I was working at the Cambridge Y.M.C.A. on Mass Ave, in the after-school program. I played Ping-Pong and yelled at little kids. And I was writing short stories. She read a couple of them and laughed though I can’t imagine I was trying to be funny. My aim was extreme solemnity. I wanted everything, even then, to be a dirge. But everything delighted her. The clam shack by the Bourne Bridge. Boiled clams were hilarious. Drinkable embryos! At one point, I remember, in the Common, I showed her the statue Robert Lowell wrote about in “For the Union Dead.” I said, Come and live with me. I watched myself. I was gallant. I pulled her close with my poor, artistic hands. In the Cheever story, the guy’s a jewel thief who meets a woman on a cruise. So I worked in day care. Did this mean I couldn’t be a hero?
“In Boston?” she said.
“Technically I live in Allston, which is an independent entity, but it’s also part of Boston.”
“So it’s a neighborhood?”
“Yeah, but sort of more. It’s hard to explain. It’s a little like Kosovo.”
“Or Vatican City.”
“Exactly. Allston’s like Vatican City.”
We walked on, hand-in-hand, swinging arms. I wasn’t going to press the issue, what was obvious was obvious. It had everything to do with time. How you didn’t notice it. How you didn’t even need it. Could be 3 in the afternoon, could be midnight. I remember the silence of the drive back from the Cape. I remember the milkshakes. I remember walking backward, again, very slowly, doing a little backward shimmy, down the same hotel corridor as she stood at her door like an actress, wagging at me with her index finger. A beckoning and goodbye at the same time.

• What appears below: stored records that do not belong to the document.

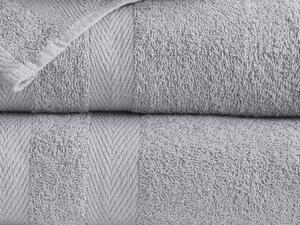 XPOSE® Froté ručník DEVON - šedý 50x90 cm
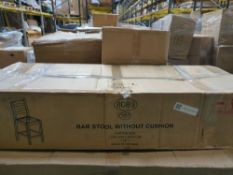 Roseland Furniture Portland Oak Bar Stool RRP £135 - ROS-OUT-00745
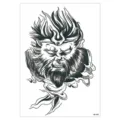 Waterproof temporary black tattoo sticker featuring Sun Wukong monkey king design. - HB-698 / 148*210MM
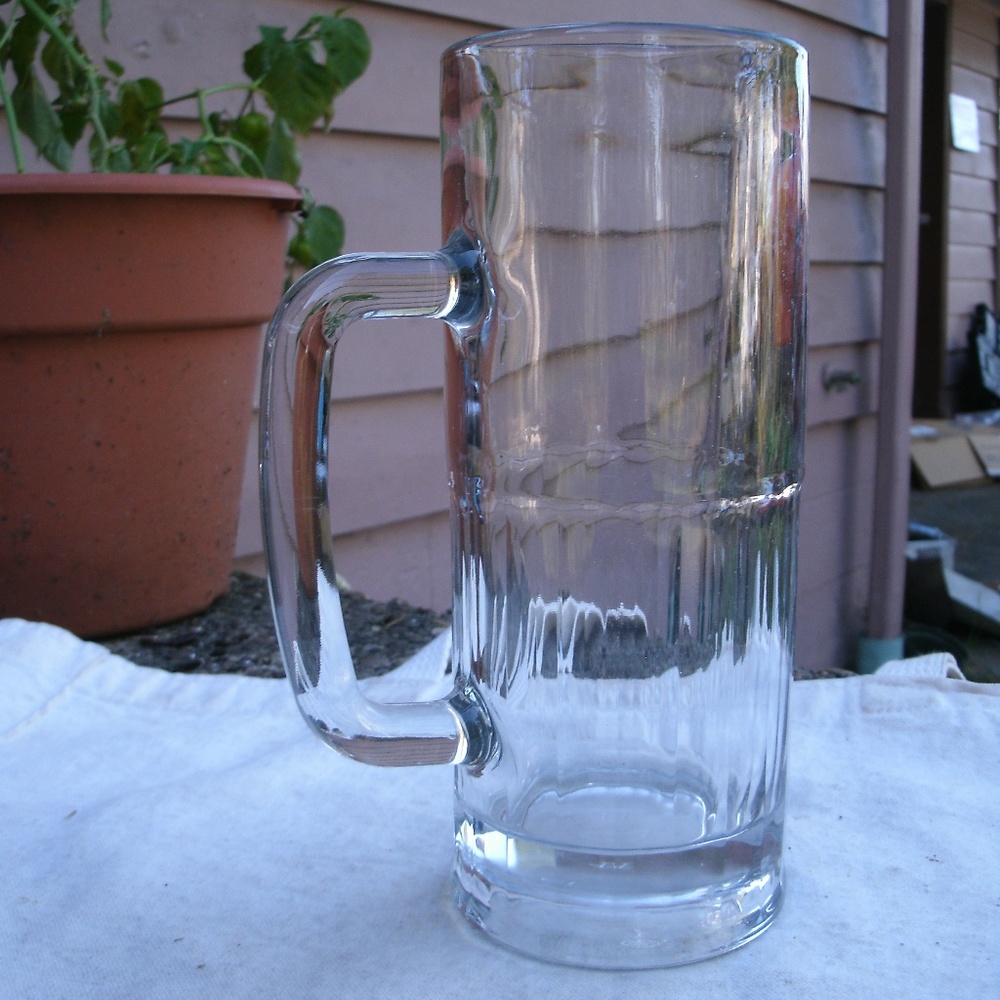 Vintage Libbey Tall Glass Beer Mug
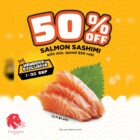 Genki Sushi - 50% OFF Salmon Sashimi - Singapore Promo
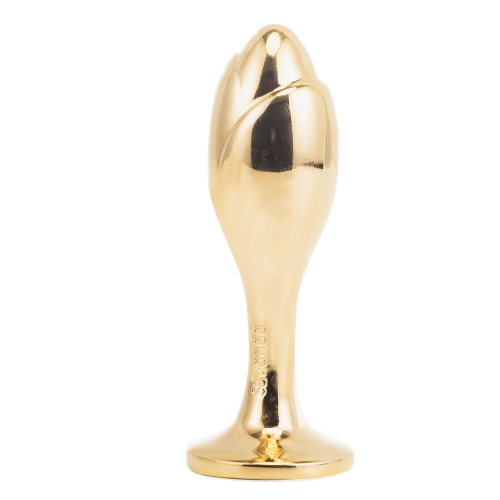 Металлическая анальная пробка Кроличий хвост LOCKINK SEVANDA White Bunny-Tail Anal Rose-shape Plug - 4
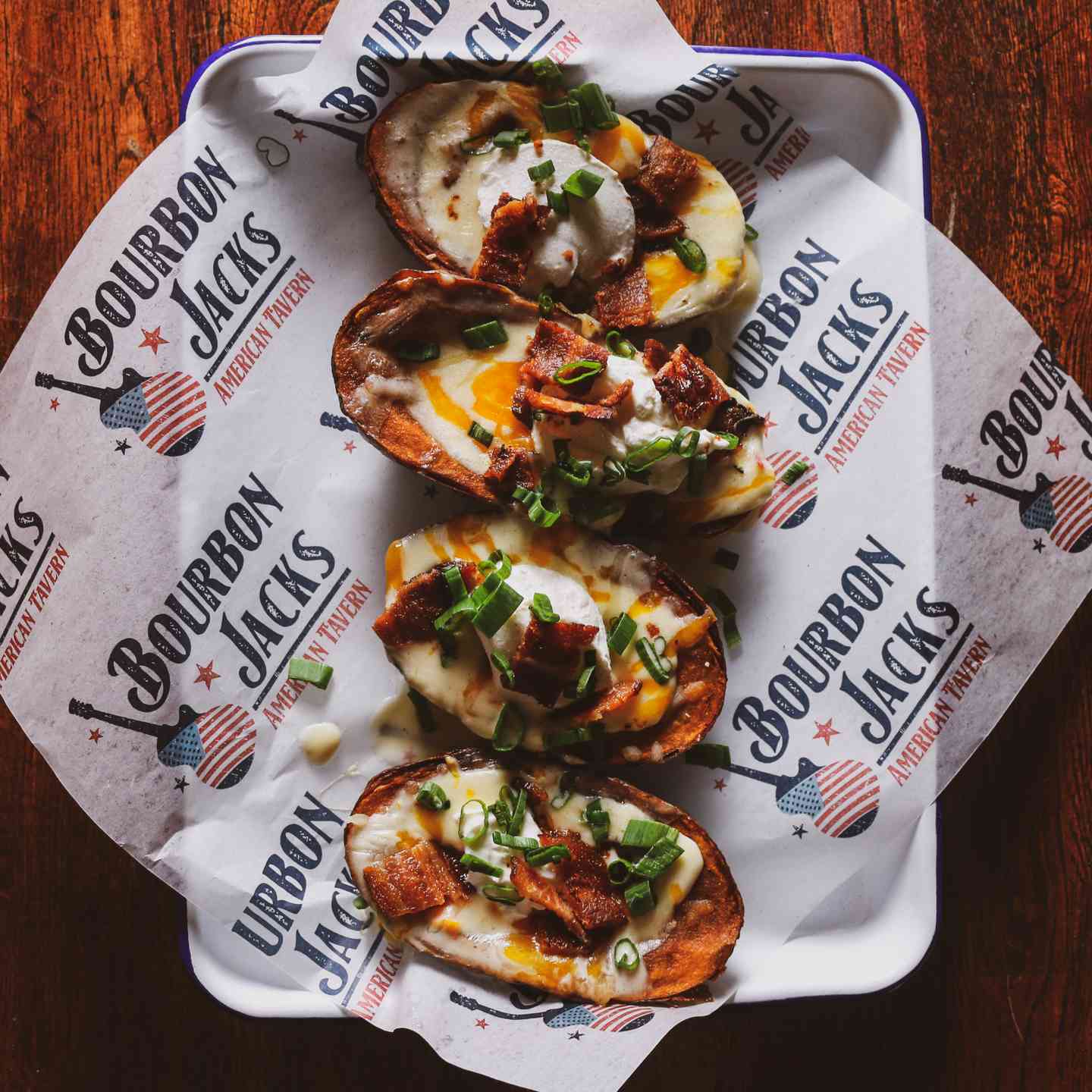 Smoked Baked Bacon Potato Skin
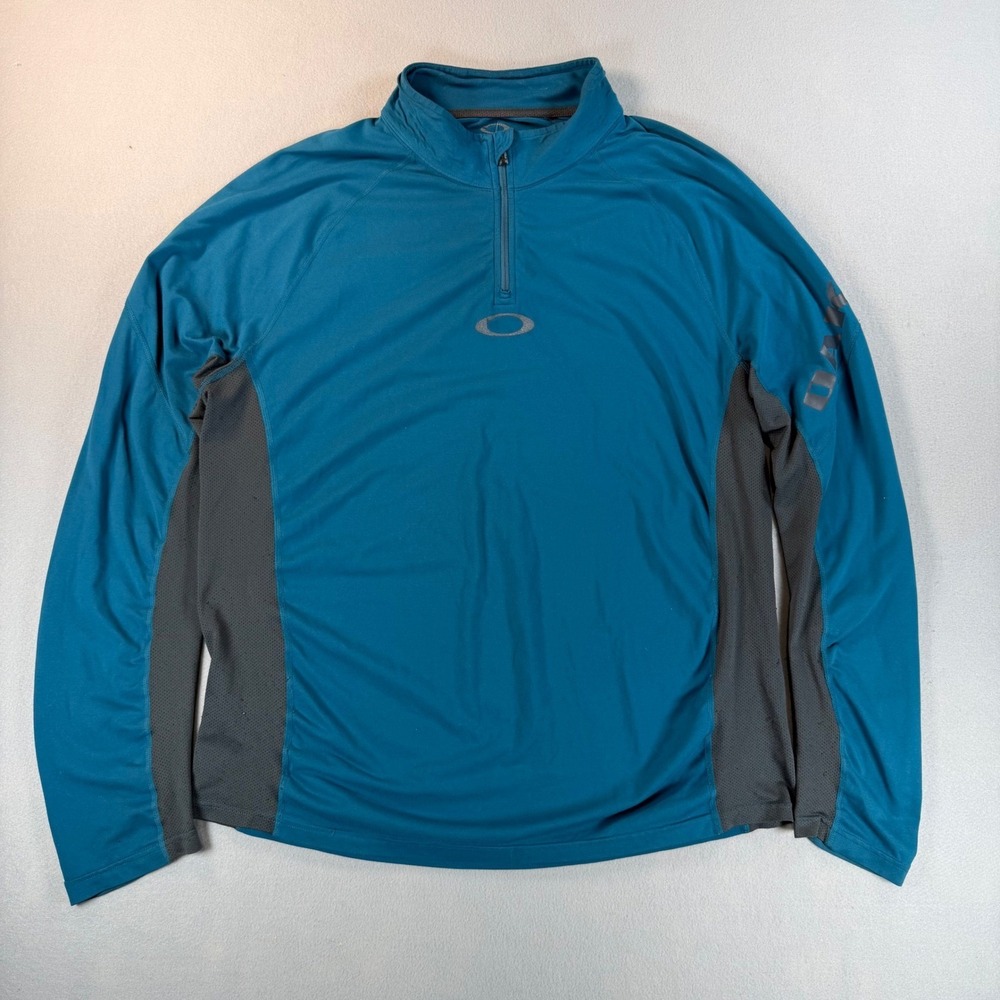 Oakley Hydrolix vintage Mens  Blue Grey Mesh Performance Large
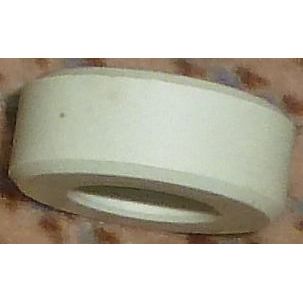 Matt white ceramic Insulator 24.3 dia 11.7 hole 9.6mm long RF or antenna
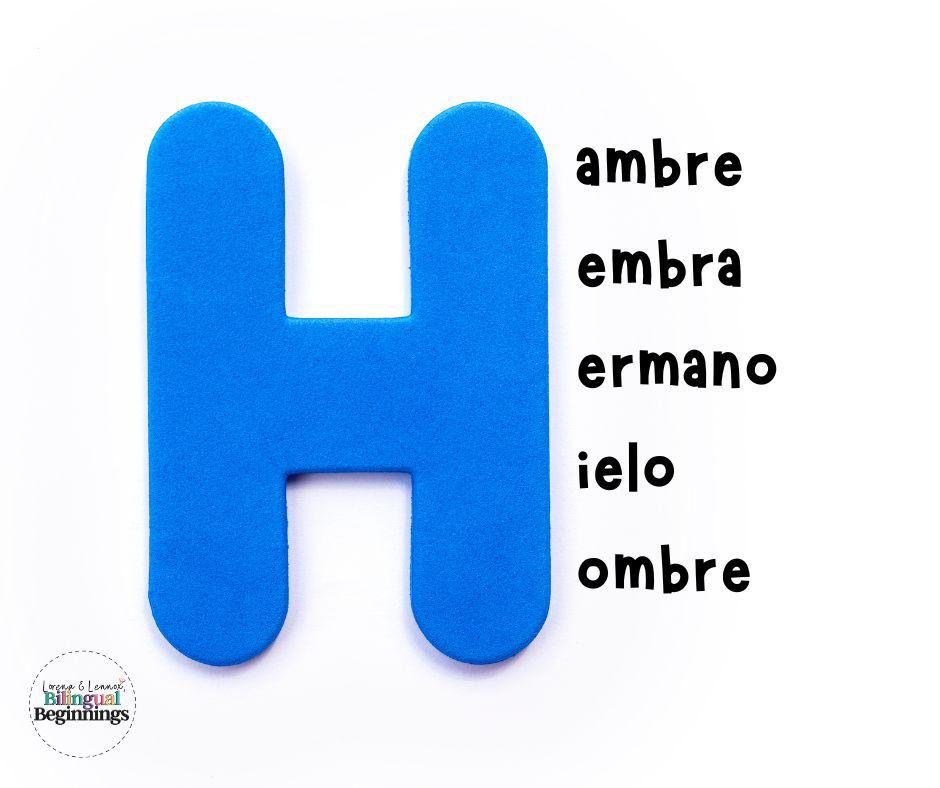 Spanish words that start with H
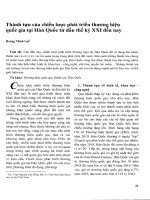 Thành tựu của chiến lược phát triển thương hiệu quốc gia tại hàn quốc từ đầu thế kỷ XXI đến nay 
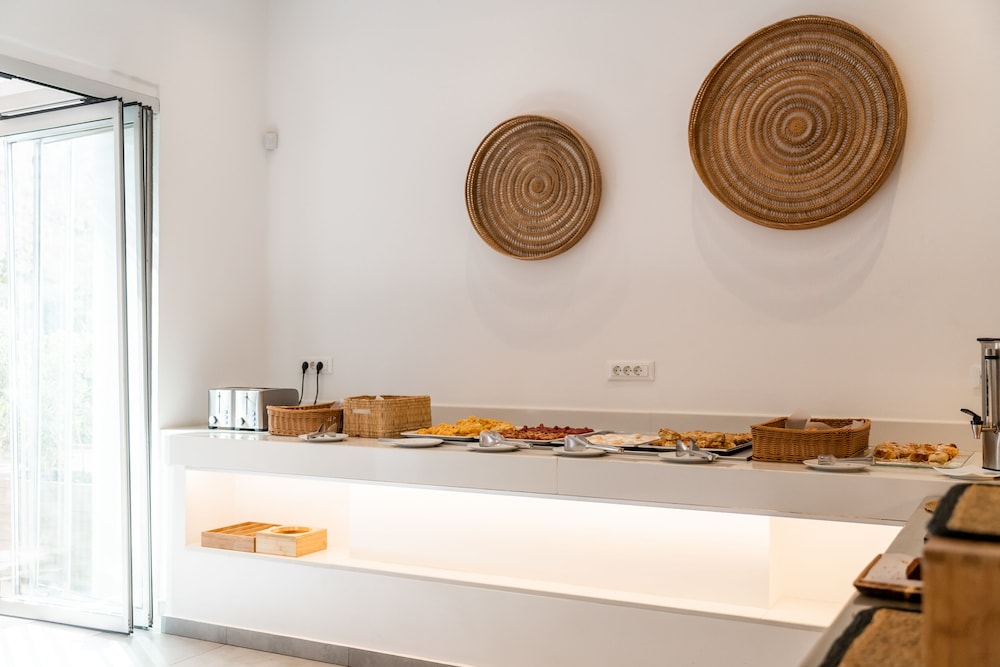 Lobby at Super Paradise Hotel, MYKONOS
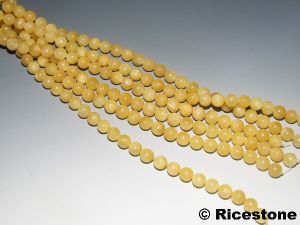 Calcite Jaune rang Bille 14mm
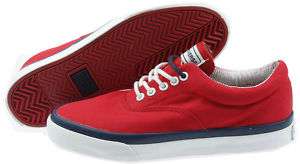 MENS CONVERSE TRAINERS OX PUMPS CANVAS RED NAVY SHOES  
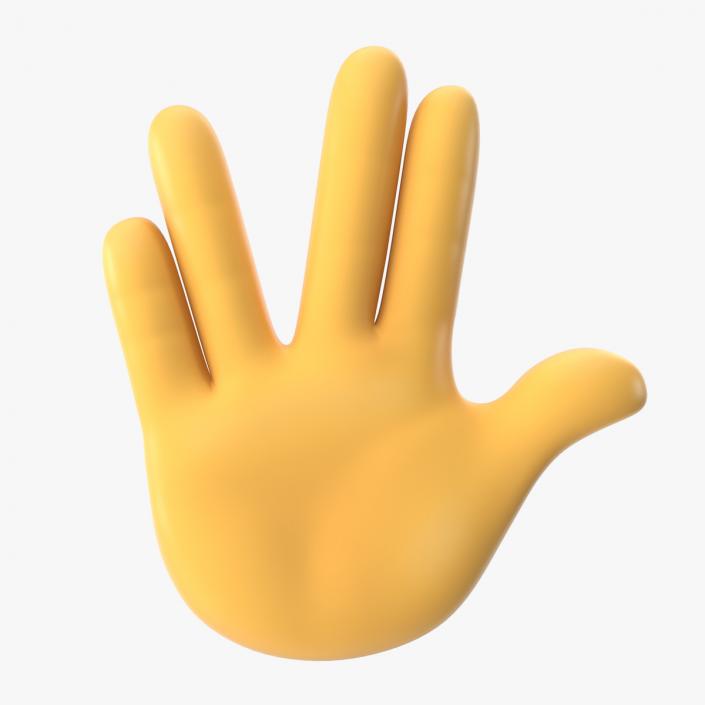 Vulcan Salute Emoji 3D model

Two weeks later she called. Her husband, she said, was on the line as well. They both had something to say. She wanted to make clear that there wasn’t going to be any more to this. That we’d had our time together. She had no regrets. Did I understand? No more phone calls at work, no more letters sent to work. The husband spoke up: “You all right with this?” His voice was pleasant and considerate. “Look, it’s cool. I know she’s awesome.” She laughed a quick laugh, but stopped. She asked if I wanted to say anything. I said I didn’t think I did.
Part of me wants this to be a sad recounting, not a pathetic one, but I see I’m failing. I’m trying to stay close to the facts as best as I can remember them, but as I say, facts disintegrate. For days, weeks, I mourned around the city. I rode the T and read. I went to work. I shouted at kids to line up for snack. “If you guys don’t line up, there will be no snack, period.” At night, in Allston, I considered the nature of self-pity, how it’s not unlike masturbation in the sense of how satisfying it can be in the short term. And the long term is just a linked chain of short term after short term. Then I’d die.
A few years ago I found myself teaching, briefly, in St Louis. This was at Washington University. (It’s neither here nor there, but my mother had long thought that my life would have turned out better if only I’d been accepted to Wash U for college. She was quite proud that at last I’d made it as a visiting professor.) I thought about calling her or sending her a message. All I had to do was reach out to my friends, the ones whose wedding we met at and who were still together, and ask how to get ahold of her. But it felt more like an obligation to a defunct emotion than something I actually wanted to do.
Still, maybe I’d run into her buying groceries at Schnucks or we’d both be pumping gas on the same island. I’d sit across from her at a cafe and listen to her talk. I’m always interested in the way people edit the details of their lives, the way they compress all the years into sentences.